Author: Jason Brownlee
Deep learning neural networks are nonlinear methods.
They offer increased flexibility and can scale in proportion to the amount of training data available. A downside of this flexibility is that they learn via a stochastic training algorithm which means that they are sensitive to the specifics of the training data and may find a different set of weights each time they are trained, which in turn produce different predictions.
Generally, this is referred to as neural networks having a high variance and it can be frustrating when trying to develop a final model to use for making predictions.
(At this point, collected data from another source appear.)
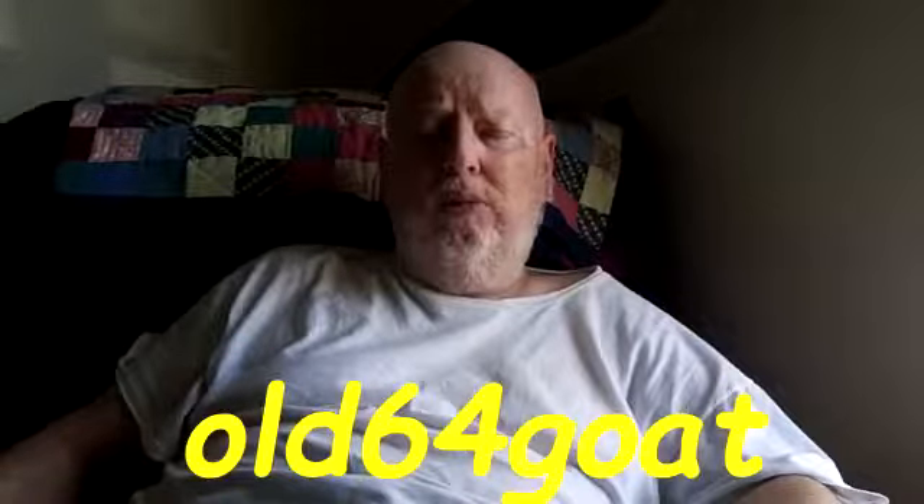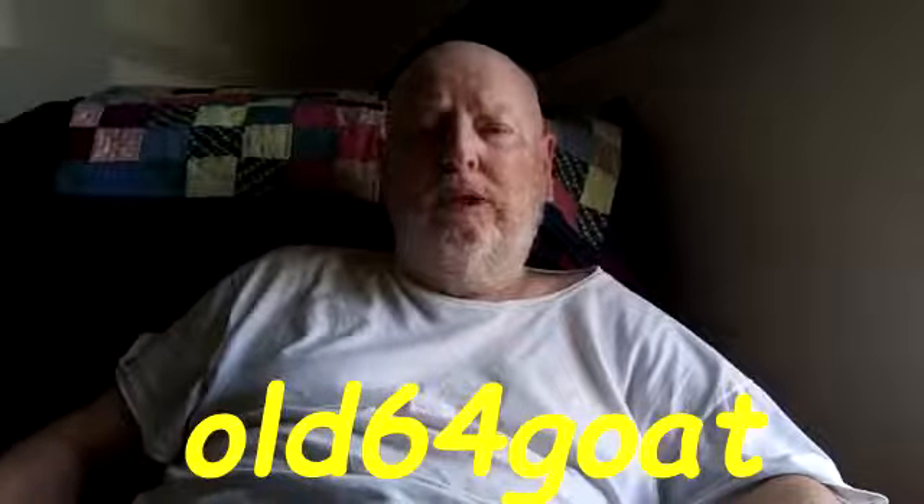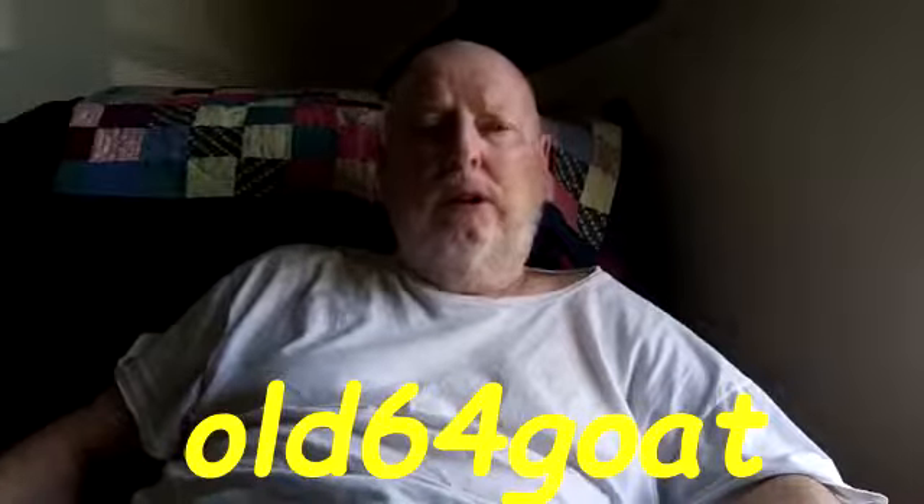I was watching Bill's Old 64 Goats video earlier about his external hard drive not working with his Windows 7 64-bit computer. I hope you get that fixed, Bill. Sometimes it's tough — either the drivers aren't right for 64-bit computers or maybe it was the power cord. But it should work.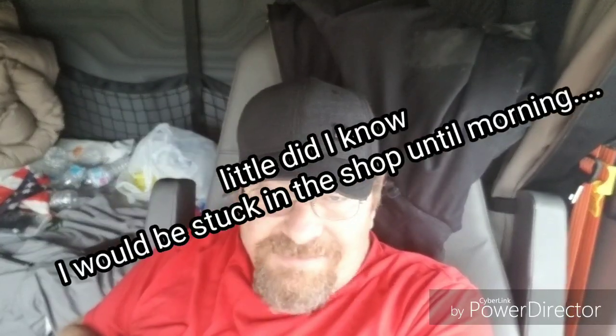Anyway, I gotta get back to work. Dispatch keeps sending me messages asking when I'm leaving. I keep telling them I'll let them know when I'm ready — I'm getting a 34-hour reset, and I'll have it done in a couple of hours. If it's been icy, and they're going to send me north, I'll probably wait until morning to leave. I'm not going to drive in ice at night.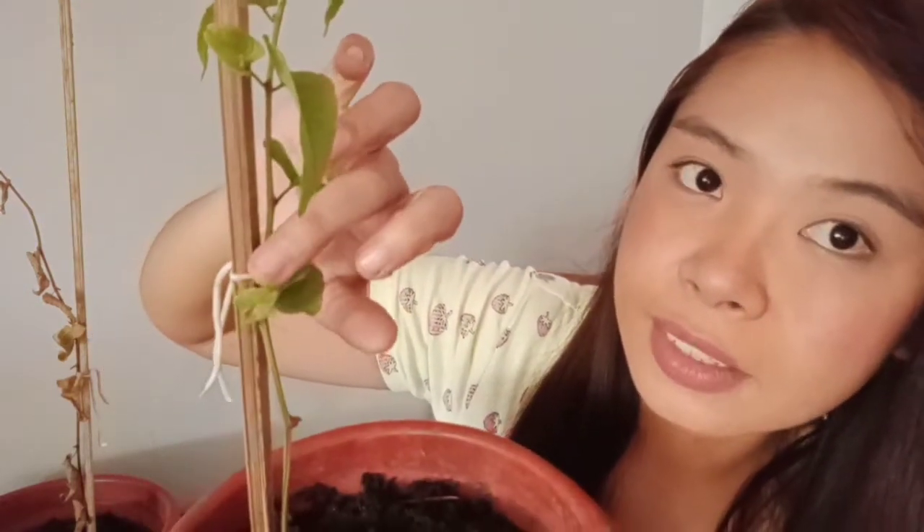Oh my gosh, it makes me really happy. And it has new leaves — see, there's new leaves here and here. Yeah, it's still green, all of the leaves that we left. Let's all find out if the roots have formed or not.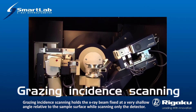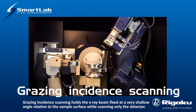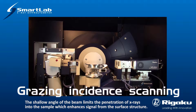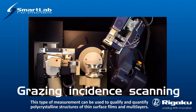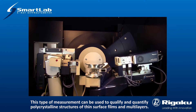Grazing incident scanning holds the X-ray beam fixed at a very shallow angle relative to the sample surface while scanning only the detector. The shallow angle of the beam limits the penetration of X-rays into the sample, which enhances the signal from the surface structure. This type of measurement can be used to qualify and quantify polycrystalline structures of thin surface films and multilayers.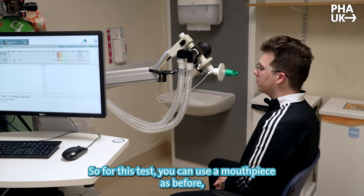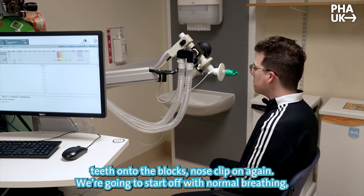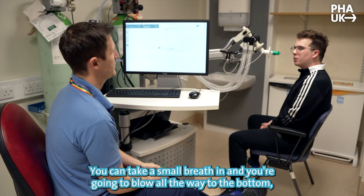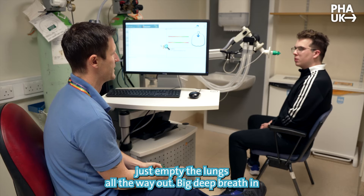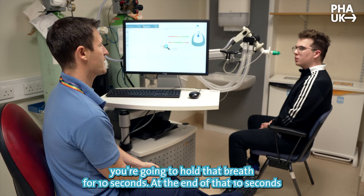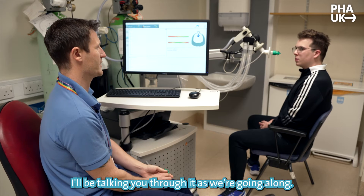For this test you're going to use the mouthpiece as before, lips right over the top, teeth onto the blocks, nose clip on again. You're going to start off with normal breathing, just in and out. You're going to take a small breath in and blow all the way to the bottom — just empty your lungs all the way out. Then take a big deep breath in as much as you can and hold that breath for 10 seconds. At the end of those 10 seconds, just gently blow it all the way out again. I'll be talking you through it as we go along.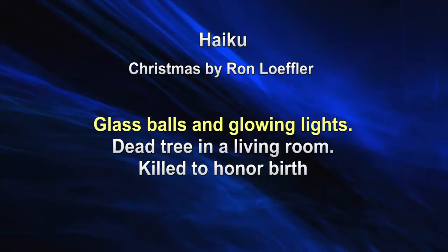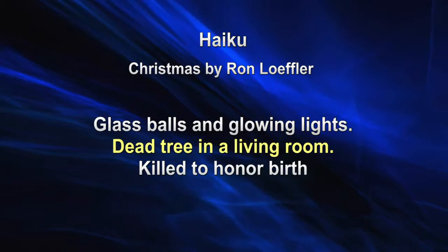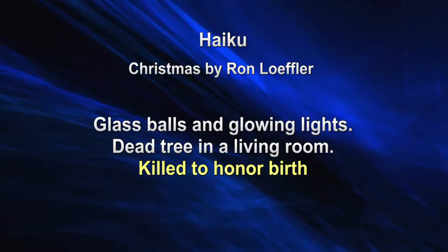You think there's something special here, and the title might give it away as Christmas. Glass balls and glowing lights — yeah, that's Christmas. Dead tree in a living room — I hadn't thought about that before, but yeah, we've got a Christmas tree and it's dead. And where do we put it? In the living room. So the contrast of dead and living is very interesting. And then the last line gives the punchline: 'Killed to honor birth.' We kill a tree to celebrate the birth of Jesus at Christmas. That's a very clever haiku put together in American culture.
A successful approach to reducing the variance of neural network models is to train multiple models instead of a single model and to combine the predictions from these models. This is called ensemble learning and not only reduces the variance of predictions but also can result in predictions that are better than any single model.
In this post, you will discover methods for deep learning neural networks to reduce variance and improve prediction performance.
After reading this post, you will know:
- Neural network models are nonlinear and have a high variance, which can be frustrating when preparing a final model for making predictions.
- Ensemble learning combines the predictions from multiple neural network models to reduce the variance of predictions and reduce generalization error.
- Techniques for ensemble learning can be grouped by the element that is varied, such as training data, the model, and how predictions are combined.
Let’s get started.
Overview
This tutorial is divided into four parts; they are:
- High Variance of Neural Network Models
- Reduce Variance Using an Ensemble of Models
- How to Ensemble Neural Network Models
- Summary of Ensemble Techniques
High Variance of Neural Network Models
Training deep neural networks can be very computationally expensive.
Very deep networks trained on millions of examples may take days, weeks, and sometimes months to train.
Google’s baseline model […] was a deep convolutional neural network […] that had been trained for about six months using asynchronous stochastic gradient descent on a large number of cores.
— Distilling the Knowledge in a Neural Network, 2015.
After the investment of so much time and resources, there is no guarantee that the final model will have low generalization error, performing well on examples not seen during training.
… train many different candidate networks and then to select the best, […] and to discard the rest. There are two disadvantages with such an approach. First, all of the effort involved in training the remaining networks is wasted. Second, […] the network which had best performance on the validation set might not be the one with the best performance on new test data.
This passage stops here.